A few years ago when I heard about Eternia’s tour of high schools as part of a Plan Canada charity initiative, I felt compelled to write her to just say: ‘Keep on doing what you’re doing – you’re changing lives’. The tour addressed women’s and girls rights. As a parent of a young girl I’d be dead excited to have a female rapper who’s not afraid to be perceived as a role-model come to speak and rap at my kid’s school about identity, self-esteem and girls rights.

Eternia, originally from Ottawa, now based in NYC, exudes generosity. She’s not content with making records. She whole-heartedly champions various causes and artists. With trademark gusto she hosts this recent free-to-download ‘World Hip Hop Women’ mixtape.
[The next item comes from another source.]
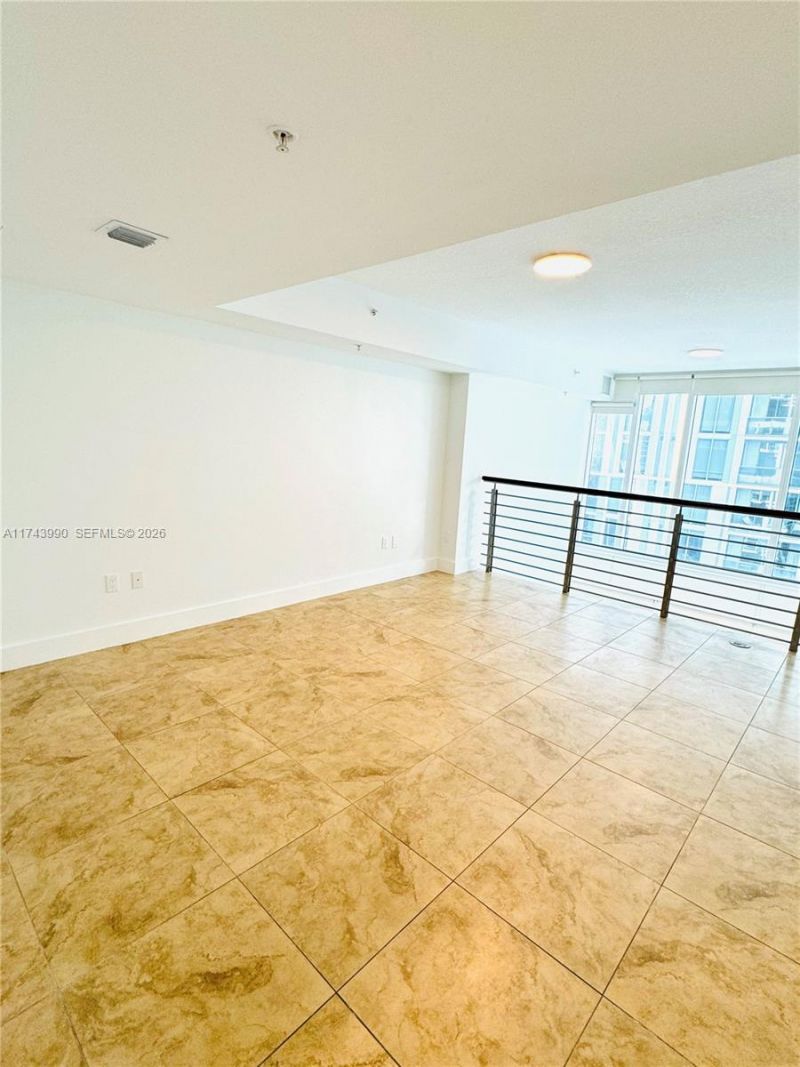 41 SE 5th St, Unit 808, Miami, FL 33131 Photo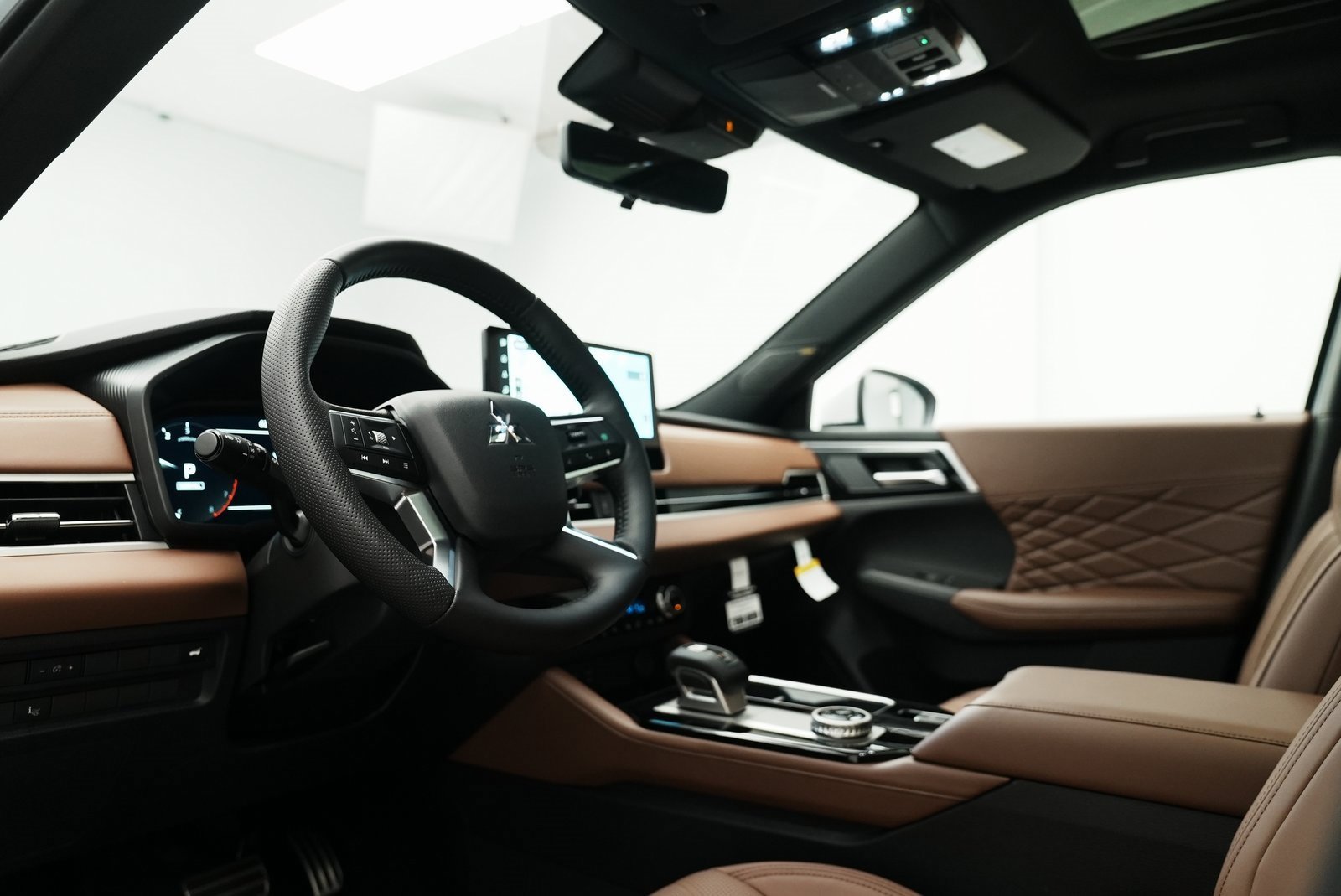 New 2025 Mitsubishi Outlander SEL image 19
She writes heart-on-sleeve raps. In this interview with Canadian Journal This Magazine she explains: “one of the running critiques of It’s Called Life [her debut full-length release] was, “Great album, great album, too personal.” People don’t want you to go that deep, almost like it made them uncomfortable. But I can say for the most part people really relate and appreciate having someone else speak their story.”

I’m partial to this Beach Boys sampling scorcher of a track ‘Evidence’ from that early album.
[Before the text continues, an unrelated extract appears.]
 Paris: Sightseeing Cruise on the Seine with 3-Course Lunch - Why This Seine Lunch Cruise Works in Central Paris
In 2010 Eternia and collaborator hip-hop producer MoSS released the heavy-hitting album ‘At Last’. Album opener ‘Any Man’ certainly pulls no punches.
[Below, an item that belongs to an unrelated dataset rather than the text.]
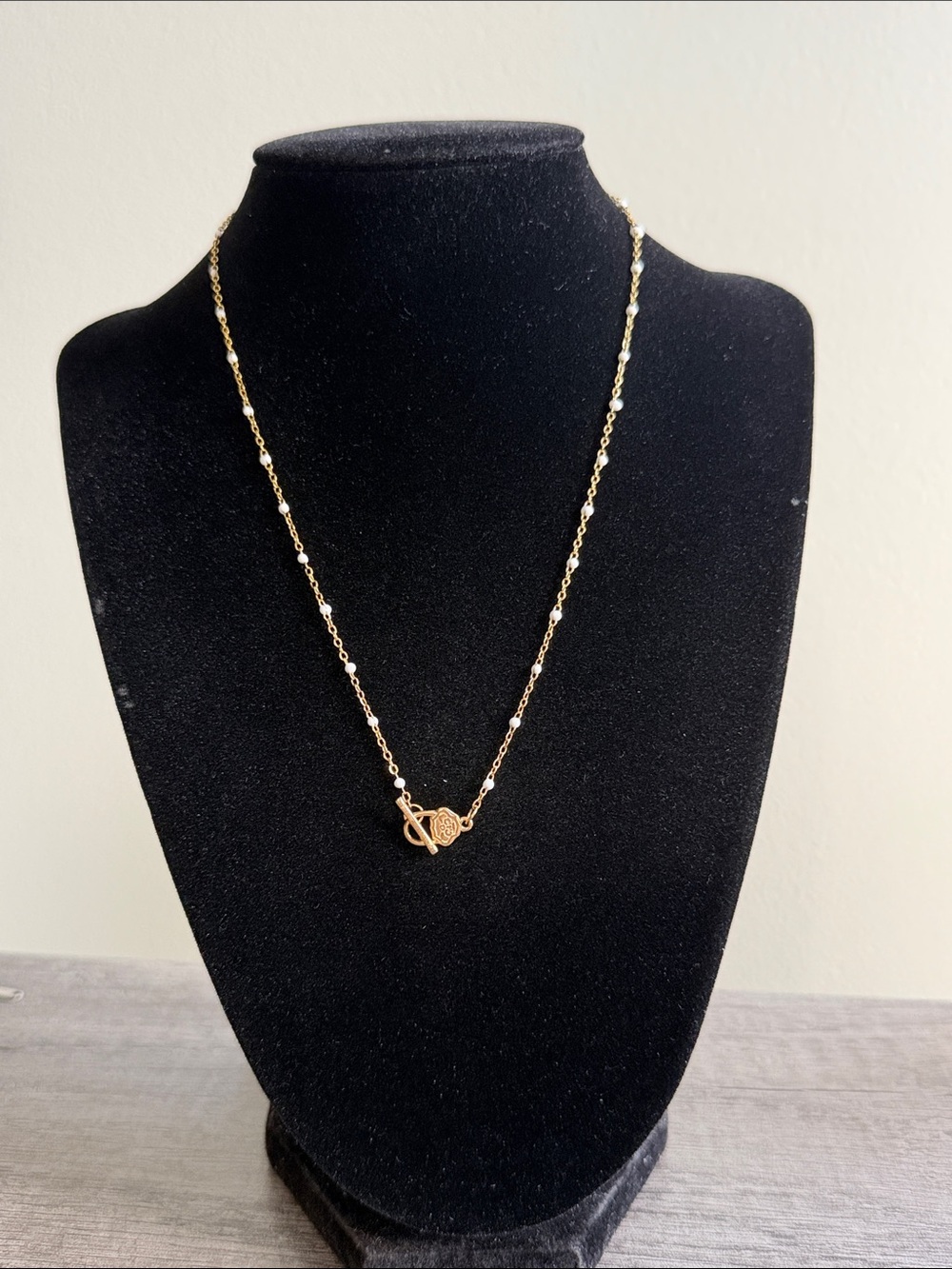 Gold plated stainless steel white and gold chain toggle necklace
But my goodness, it’s this song ‘To the Future’ which just melts your heart and shows Eternia at her most personal and profound.

Last week Eternia answered a few questions I put to her:

70elevators: Which of your positive attributes is most evident in your music?
E: Probably my faith. I like to think my music has a ‘victorious’, ‘overcome all odds’ feel to it, for the most part. And that is an accurate reflection of my personality and approach to life. The glass is half full no matter what the circumstance. I do my best to appreciate the journey, even in the lowest of moments.

70elevators: If you could change one thing in the world what would it be?
E: People living compartmentalized lives and viewing the world in compartments.
Stereotyping, judging, making assumptions: this type of thinking and approach to life drives me crazy. I prefer a more holistic view and approach to all things and all people.

70elevators: If you were introducing someone to hip-hop music which album would you have them listen to?
E: That’s hard. Off the top I would probably say Nas’ ‘Illmatic’.

Here’s her music site:

And her everything else site:

Down-to-earth, undaunted, positive & profound, Eternia’s a one-woman destroyer of stereotypes and the brilliant thing about a vanquished stereotype is that when it’s gone it’s usually gone for good.


Elevator 5: Buck 65


I could write a lot about Richard Terfry aka Buck 65 and what makes him an elevator of rap. He is one of the most imaginative rap lyricists I’ve ever met.

Honestly I could go on for ages about this songwriter/rapper/dj/producer/yarnspinner from Mount Uniake, Nova Scotia, but in an attempt to keep it brief, I’ll list seven of Buck’s contributions to the art of rap.


1. The Wildlife EP

This fantastical story spread over three songs changed the way I thought about rap. His tone and delivery was pitch-perfect [like he’s telling it as you both huddle over a tiny wood stove in a refugee camp]. Wildlife destroyed my perceived boundaries of narrative rap thus opening me up to be far more adventurous in my writing and recordings. I don’t think I’d be making this film without Buck 65’s Wildlife. Here’s all three songs:


2. The Live Experience and Live Ethics

I’ve seen Buck 65 perform on 9 occasions. The first time was in April 2001 in Chicago. He was opening up for Sage Francis, Slug and the Living Legends with a set that was sonically diverse and unabashedly silly. As he rapped his recently penned song ‘Food’ he exuded a sense of joy. He rapped and beat-juggled simultaneously. He performed The Centaur, which managed to be spine chilling then absurd then genuinely melancholic.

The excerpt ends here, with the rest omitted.